ESTYN inspections in 1994, 2000, 2005, 2011 and 2017 have been consistently good. The 2011 inspection report under the new Welsh inspection framework noted the school's outstanding ethos, inspiring leadership, good performance and excellent prospects, with high academic expectations and achievements, excellent care for pupil welfare and sector leading use of ICT in teaching.

In July 2013, parents supported boys wearing skirts as they had not been permitted to wear school shorts or to roll their trousers up during particularly hot summer weather.

Location
The school is located off Cecil Road in Gowerton. Opposite the school's entrance on Park Road is Ysgol Gyfun Gŵyr, a Welsh speaking school that used to house the Boy's Grammar School.

School layout
The school is large compared to other secondary schools in the UK. It has three main blocks, a block consisting of demountable buildings and an additional block.
 'A' block houses the main entrance/reception, office, main hall, canteen, gymnasium and the English and modern foreign language departments.
 'B' block houses mathematics, design and technology, religious education and the STF unit. It also houses the main literacy block for those pupils with problems with literacy. It also houses the pupil support offices and houses the sixth form canteen and common room. A pair of science rooms are located in the block.
 'C' block houses the arts and humanities departments.
 'D' block houses the Welsh language department and also houses the school nurse's room. There is also a drama room, sports hall with male and female changing rooms, weights room and a Business Studies/Psychology room.
 'F' block is used for science and is the newest building, constructed in 2009.

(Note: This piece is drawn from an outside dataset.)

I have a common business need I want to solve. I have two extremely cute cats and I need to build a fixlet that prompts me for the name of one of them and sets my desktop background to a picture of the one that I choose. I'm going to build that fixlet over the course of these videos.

In addition to the main blocks there are also the tennis courts, two playing fields and a redgra adjacent to F Block and C Block.

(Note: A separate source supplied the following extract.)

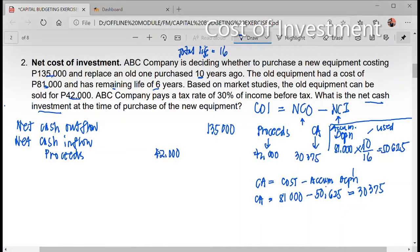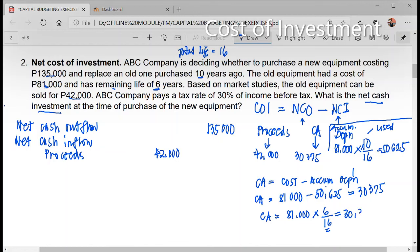The shortcut method: the carrying amount is equivalent to $81,000 times 6 over 16 — where 6 is the remaining life and 16 is the total life. That gives $30,375. You get the same answer either way.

Notable former pupils and staff

Staff
 Nia Griffith: Shadow Secretary of State for Defence (2016-), Labour MP for Llanelli (2005- ). Head of Languages from 1986 to 1992.

Pupils

 Huw Irranca-Davies: Labour AM for Ogmore (2016- ). Formerly MP for the constituency of the same name (2002–16).
 Tracy Edwards MBE: yachtswoman.
 Steve Lovell (Welsh footballer)
 Andy Williams: rugby player.
 Dan Biggar: Wales International rugby player.
 Liam Williams: Wales International rugby player.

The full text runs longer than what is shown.